From the line containing "Mikk-Line Termotøj - Soft" to the final line of the entries, every line is to be reproduced exactly; no other line belongs in the output.

= Beginning of Section =

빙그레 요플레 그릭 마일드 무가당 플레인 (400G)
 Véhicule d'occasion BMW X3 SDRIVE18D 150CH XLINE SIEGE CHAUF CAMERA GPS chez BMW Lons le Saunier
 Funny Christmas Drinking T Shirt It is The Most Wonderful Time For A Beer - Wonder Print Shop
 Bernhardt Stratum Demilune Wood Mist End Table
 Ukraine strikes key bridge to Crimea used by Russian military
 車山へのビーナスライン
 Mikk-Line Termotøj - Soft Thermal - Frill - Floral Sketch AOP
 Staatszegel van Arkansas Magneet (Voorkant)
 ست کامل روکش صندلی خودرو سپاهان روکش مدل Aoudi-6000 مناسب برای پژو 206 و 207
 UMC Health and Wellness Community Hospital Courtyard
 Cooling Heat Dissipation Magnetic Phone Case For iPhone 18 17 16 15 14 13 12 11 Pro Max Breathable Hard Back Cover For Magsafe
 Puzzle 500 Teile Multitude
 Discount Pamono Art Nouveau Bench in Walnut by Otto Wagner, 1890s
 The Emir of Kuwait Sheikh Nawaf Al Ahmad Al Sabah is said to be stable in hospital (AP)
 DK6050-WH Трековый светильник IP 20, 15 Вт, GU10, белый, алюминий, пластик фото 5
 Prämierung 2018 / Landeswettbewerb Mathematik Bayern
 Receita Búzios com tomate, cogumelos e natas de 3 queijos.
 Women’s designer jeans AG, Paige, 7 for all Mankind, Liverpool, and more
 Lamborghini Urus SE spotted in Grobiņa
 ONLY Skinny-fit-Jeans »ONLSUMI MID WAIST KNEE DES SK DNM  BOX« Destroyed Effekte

= End of Section =

Answer for this exercise:
 Mikk-Line Termotøj - Soft Thermal - Frill - Floral Sketch AOP
 Staatszegel van Arkansas Magneet (Voorkant)
 ست کامل روکش صندلی خودرو سپاهان روکش مدل Aoudi-6000 مناسب برای پژو 206 و 207
 UMC Health and Wellness Community Hospital Courtyard
 Cooling Heat Dissipation Magnetic Phone Case For iPhone 18 17 16 15 14 13 12 11 Pro Max Breathable Hard Back Cover For Magsafe
 Puzzle 500 Teile Multitude
 Discount Pamono Art Nouveau Bench in Walnut by Otto Wagner, 1890s
 The Emir of Kuwait Sheikh Nawaf Al Ahmad Al Sabah is said to be stable in hospital (AP)
 DK6050-WH Трековый светильник IP 20, 15 Вт, GU10, белый, алюминий, пластик фото 5
 Prämierung 2018 / Landeswettbewerb Mathematik Bayern
 Receita Búzios com tomate, cogumelos e natas de 3 queijos.
 Women’s designer jeans AG, Paige, 7 for all Mankind, Liverpool, and more
 Lamborghini Urus SE spotted in Grobiņa
 ONLY Skinny-fit-Jeans »ONLSUMI MID WAIST KNEE DES SK DNM  BOX« Destroyed Effekte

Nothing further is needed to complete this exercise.